SpeakerText Automates And Crowdsources Video Transcripts (100 Beta Invites)

One of the big problems with video on the Web is that other than the title, description and some meta tags, it is mostly invisible to Google and other search engines. One way to make video more SEO-friendly is to add transcriptions, but that can get expensive. An angel-funded startup called SpeakerText is (re)launching today with a very clever way to automate the transcription process and attach the full transcript as part of the video player in a drop down window. You can see an example of how this works below. And if you publish a lot of videos and want to try it out yourself, we have 100 beta invites (use the code: techcrunch).

Once a video is transcribed, it appears in a collapsible window below each player.
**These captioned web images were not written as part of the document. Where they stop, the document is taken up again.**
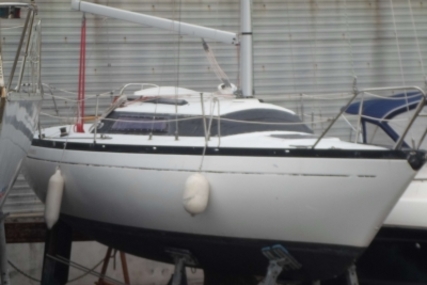 Comar COMET 701 for sale in France for € 3.500 (£ 3.081) Comar COMET 701 for sale in France for € 3.500 (£ 3.081)
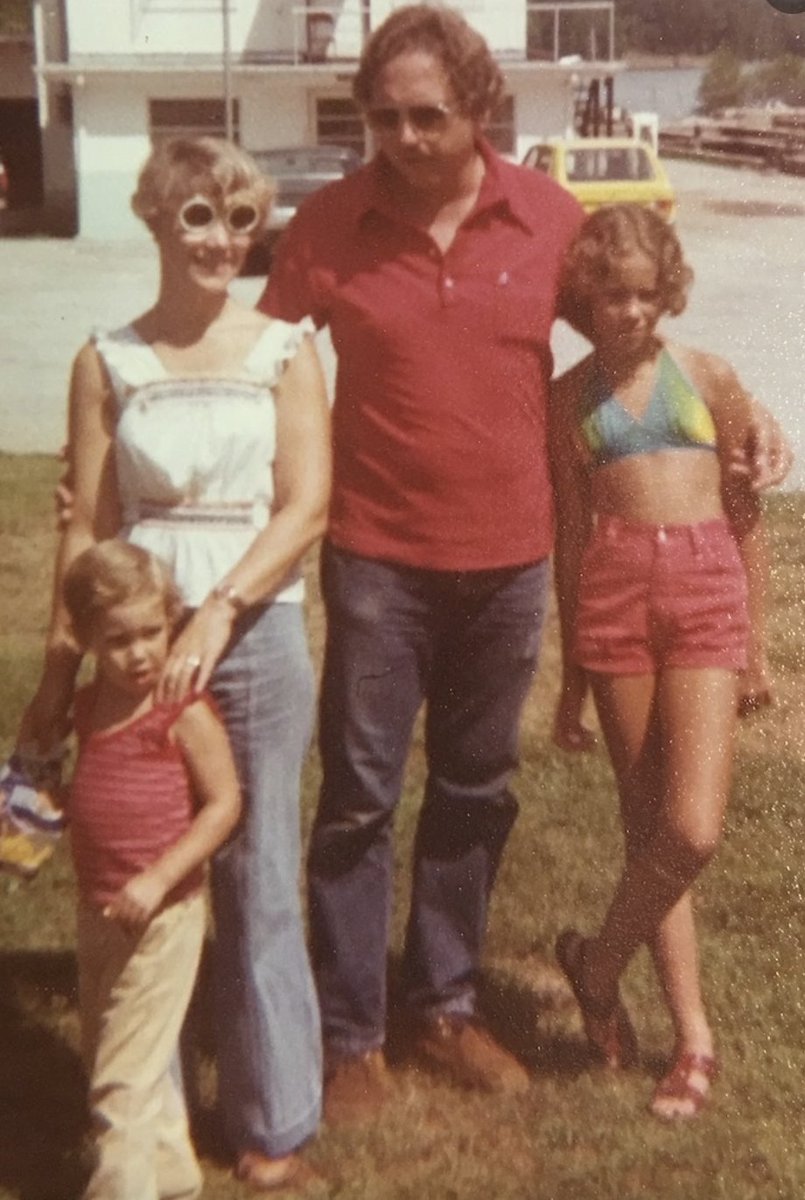 I really can't explain what's happened to my family's fashion sense over the last few decades... 

Somehow we hit an epic high point of cool in 1977, and it's just gone downhill since then.

#siblings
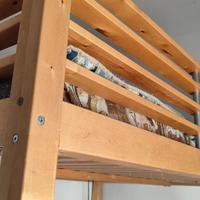 letto  in legno a soppalco 
FJELLDAL

 140x200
Not only is all the text visible to search engines, and thus should help drive more search traffic to individual videos, but the text is all time-stamped. So you can click on any sentence and it will jump to that point in the video. Anytime somebody cuts and pastes a portion of the transcript in a blog or other site, a link back to that point in the video is also included. The startup tried doing a Flash wrapper before for the YouTube player. It completely reworked its technology into what it is now calling the SpeakerBar that is more of a transcript plug-in that detects any video on your site that has a matching plug-in. SpeakerText works with video players from YouTube, Brightcove, and Blip.tv, and there is also a WordPress plug-in.

Below is a video explaining how it works, with a SpeakerBar underneath. Click on any sentence to jump to that party of the video.
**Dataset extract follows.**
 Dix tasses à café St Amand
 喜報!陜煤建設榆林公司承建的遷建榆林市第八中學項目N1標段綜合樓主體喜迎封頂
SpeakerText uses a combination of speech-to-text software, natural language processing, and crowdsourced human labor to create each transcript. Video publishers submit videos they want transcribed. Using open source speech-to-text software called Sphinx-4 developed at Carnegie Mellon University (where co-founder Matt Swanson studied artificial intelligence), the videos get a rough first pass. (The other founders are CEO Matt Mireles and Tyler Kieft). These then get broken up into 5 to 8-second chunks, which are distributed to to human transcribers via Mechanical Turk.

The humans correct the text and punctuation in a digital assembly line, going through their micro-tasks quickly and efficiently. Different workers get ranked based on their work history, which helps in the assignment process. The transcribed video chunks are then pulled back together and reassembled into the complete video, with speech recognition software aligning the text to the video and adding time stamps. Natural language processing software is then used to determine where sentences begin and end, and to create meta tags for more SEO goodness.

This entire assembly line process is designed with feedback loops to get better and more automated over time. The service starts at $20 a month for the SpeakerBar, plus $2 per minute for the transcriptions. That is competitive with other transcription services, which seem to start at the $3 to $5 per minute range, but you also get the SpeakerBar. The lower SpeakerText can get their rates, the broader it’s appeal will be.